* _ABOUT THIS EXERCISE_: Could you reproduce the lines below from the one with "YMCMB T-shirt-055" through the one with "Photo 8 from"? Keep both ends and add nothing.
*** Opening MATERIAL PROVIDED ***
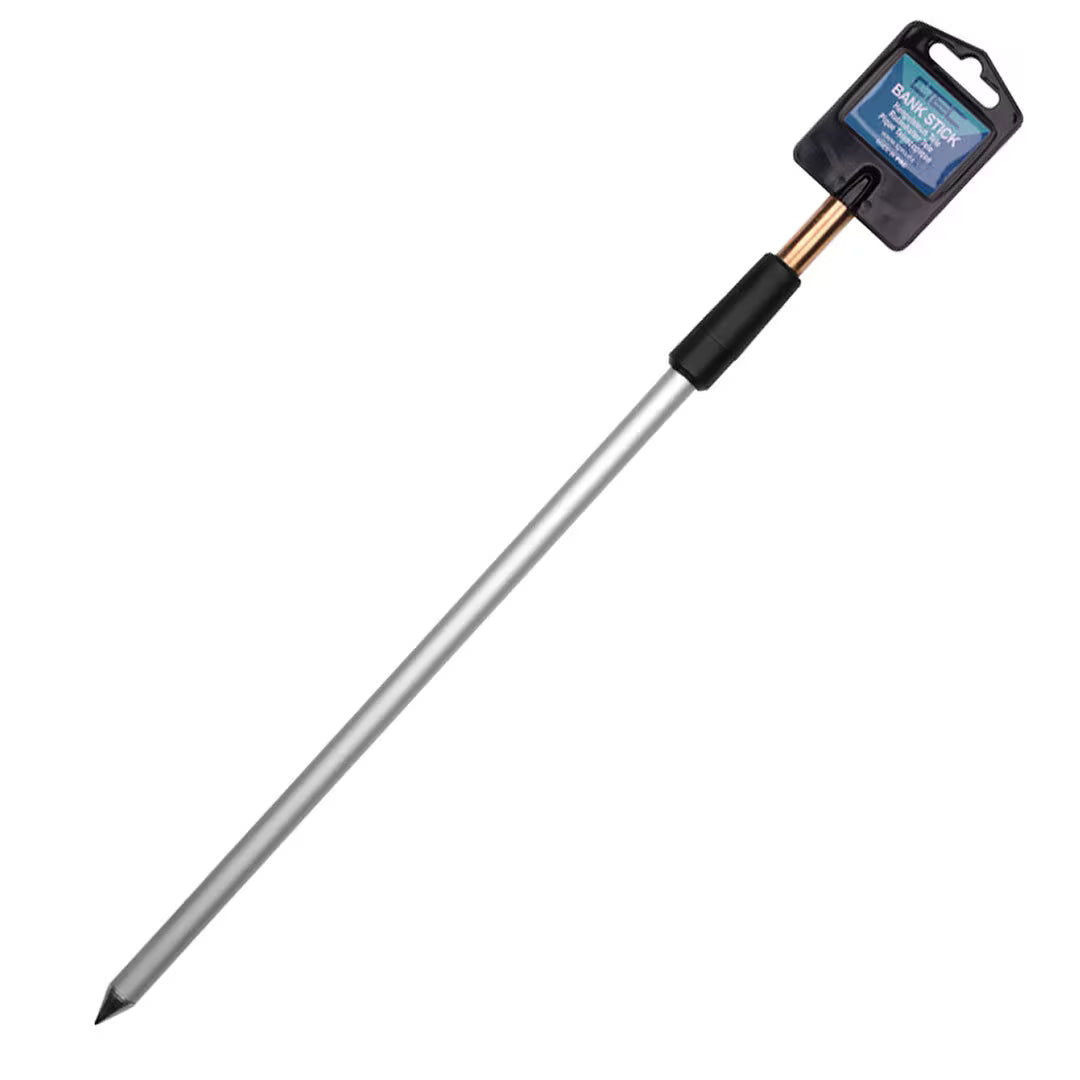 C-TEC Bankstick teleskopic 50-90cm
*** Closing MATERIAL PROVIDED ***
*** Opening MATERIAL PROVIDED ***
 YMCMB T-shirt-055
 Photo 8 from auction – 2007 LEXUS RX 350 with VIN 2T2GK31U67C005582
*** Closing MATERIAL PROVIDED ***
* _TASK OUTPUT_:
 YMCMB T-shirt-055
 Photo 8 from auction – 2007 LEXUS RX 350 with VIN 2T2GK31U67C005582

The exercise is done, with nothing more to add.